Content is king! Every good marketer is acutely aware that quality copywriting is essential to almost every marketing initiative. The high importance of content is what can make it one of the most difficult parts (on the client side) of a project. Over the years, we’ve established processes and strategies to help navigate this complicated journey but, to start, let’s cover some types of projects we may embark on that include content development.
Website Page Content
During the course of a website redesign, many of our clients are also adjusting their market positioning, onboarding new marketing staff, rebranding, or addressing any number of other strategic changes in the business.
An updated website is often the product of other large changes in an organization. It comes as no surprise that when it is time to succinctly write down who you are, who you serve, and what particular value you bring to market, it is no small task. It also isn’t something we’ll be able to do for you entirely. We can help, but the meat of the page content needs to be written by the people in your organization with the best pulse on the vision. Our suggestion during the start of a website project is to work out the answers to those fundamental questions as soon as you begin the project. That way, there will be several weeks of lead time to iron out any kinks.
When it comes time to write the content, you’ll be well equipped to fill in the blanks. There are two phases where the bulk of the copywriting happens in a website redesign project:
After the wireframes have been created
After pages have been designed
Once we have created wireframes of the website, you’ll have a very low fidelity (think blueprint-esque) version of the website pages that you can use as a reference for where content will need to go and generally how much will need to be created. At this stage, we request that you begin to write for the depicted content areas so we can use that content when creating the page designs.
After we have received copy and fielded any revisions during the wireframe stage, we’ll create high-fidelity designs of all of the core pages on the website and include your real content. This helps us work out any kinks if the content isn’t working well with the design. Once the page designs are complete, we’ll send them off for your final review. Our goal is to include all of the copy in the website designs before sending the designs off for development. Doing so removes a step in our process where a web developer creates pages with placeholder content and later we need to place real content in the website.
In many cases, editorial content on websites takes place as blog posts, insights, or articles.
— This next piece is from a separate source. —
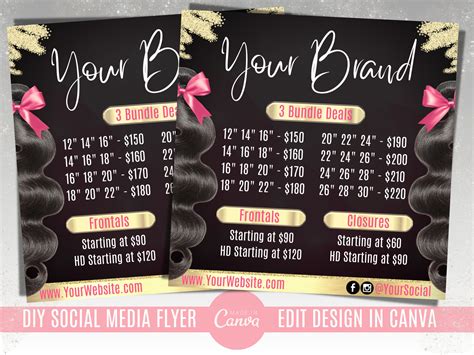 Editable Hair Social Media Flyer, Hair Bundle Template, Hair Branding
This type of content is different than the content on the core pages of a website, because while it should serve the same audience, it normally isn’t intended to “sell”. Editorial content typically exists to create value to your customers that in turn causes them to attribute good will back to you. Editorial content should be SEO optimized and does not always need to be produced by your internal teams. Our team can support marketing teams at various levels of involvement: Optimizing existing content, suggesting new content based on consumer demand, and creating new content.